In Ermangelung eines gemeinsamen Kommuniqués erzielten die Mitgliedsstaaten einen Konsens in 41 Punkten, die sich auf die regionale Sicherheit und die Modernisierung des Gemeinsamen Außenzolltarifs (CET) bezogen.
Darüber hinaus gaben die Präsidenten Argentiniens, Paraguays und Panamas zusammen mit hohen Autoritäten aus Bolivien, Ecuador und Peru eine gemeinsame Erklärung ab, in der sie ihr Engagement für Demokratie und Menschenrechte in der Region bekräftigten.
Die Staats- und Regierungschefs betonten die Gültigkeit des Ushuaia-Protokolls zum demokratischen Engagement im Mercosur und verpflichteten sich zur Verteidigung demokratischer Institutionen, der Rechtsstaatlichkeit, der multilateralen Zusammenarbeit und des uneingeschränkten Schutzes der Grundfreiheiten.
Sie brachten ihre tiefe Besorgnis über die Verschärfung der Migrations-, humanitären und sozialen Krise in Venezuela zum Ausdruck und stellten fest, dass das Land gemäß dem Ushuaia-Protokoll weiterhin vom Mercosur ausgeschlossen ist.
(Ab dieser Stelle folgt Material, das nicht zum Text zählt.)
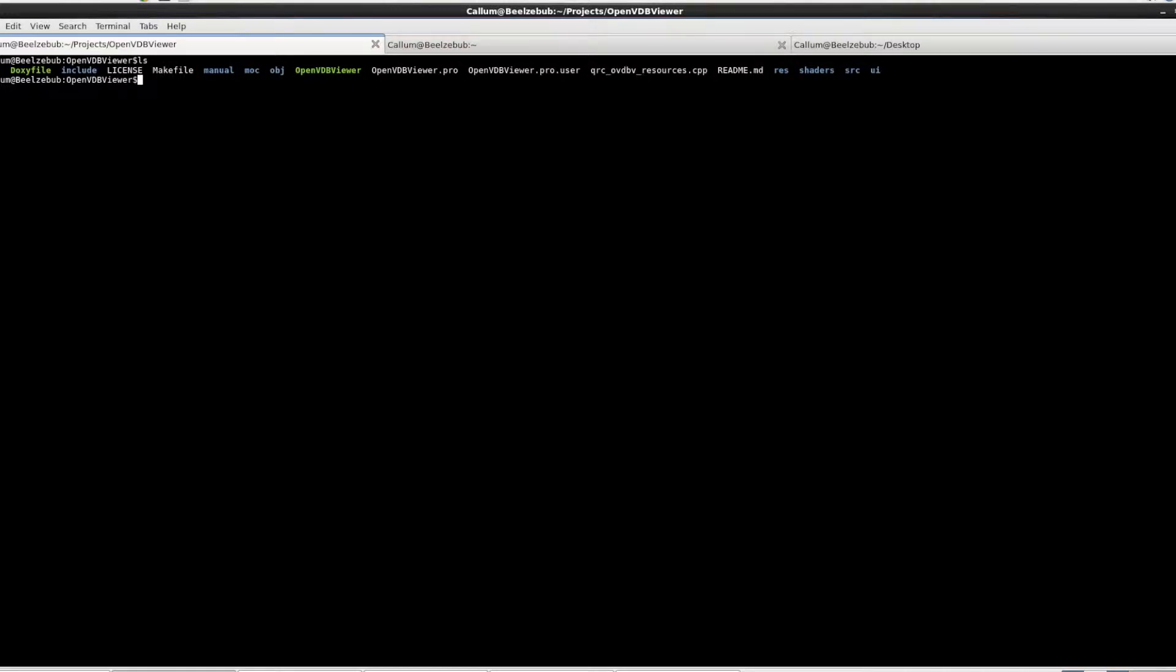Hello and welcome back. This is the second of five tutorials on the OpenVDB viewer for Linux and Mac.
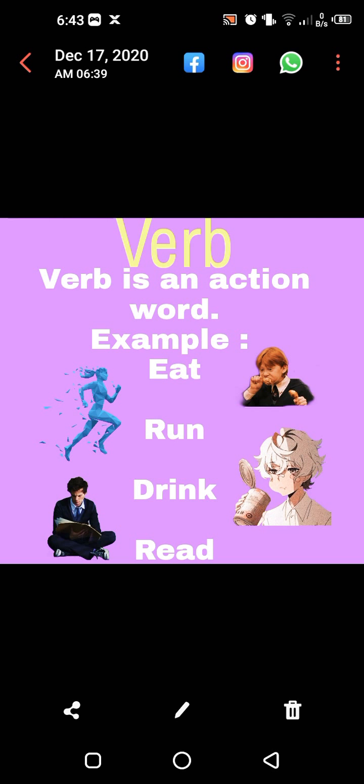For example, see the first picture — what is the boy doing? He is eating. So eating or eat is a verb. And what is the second picture? Running. So run or running is a verb. Now see the third picture — the boy is drinking. Drink or drinking is a verb. And in the fourth picture, a good boy is reading the book. Read or reading is a verb.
In der Erklärung wurden die venezolanischen Behörden aufgefordert, internationale Standards einzuhalten, alle willkürlich inhaftierten Bürger unverzüglich freizulassen, ein ordnungsgemäßes Gerichtsverfahren zu gewährleisten und ihre körperliche Unversehrtheit zu schützen.
Die Unterzeichner bekräftigten ihre Entschlossenheit, mit friedlichen Mitteln die vollständige Wiederherstellung der demokratischen Ordnung und die Achtung der Menschenrechte in Venezuela voranzutreiben.
Weder Lula noch der uruguayische Präsident Yamandú Orsi unterstützten das Dokument. Nach Auswertungen im Planalto-Palast könnte ein vom Mercosur unterzeichnetes Dokument dieser Art von Washington als Unterstützung für eine mögliche US-Militärintervention in Venezuela interpretiert werden, die nicht im Einklang mit den Interessen Brasiliens stünde.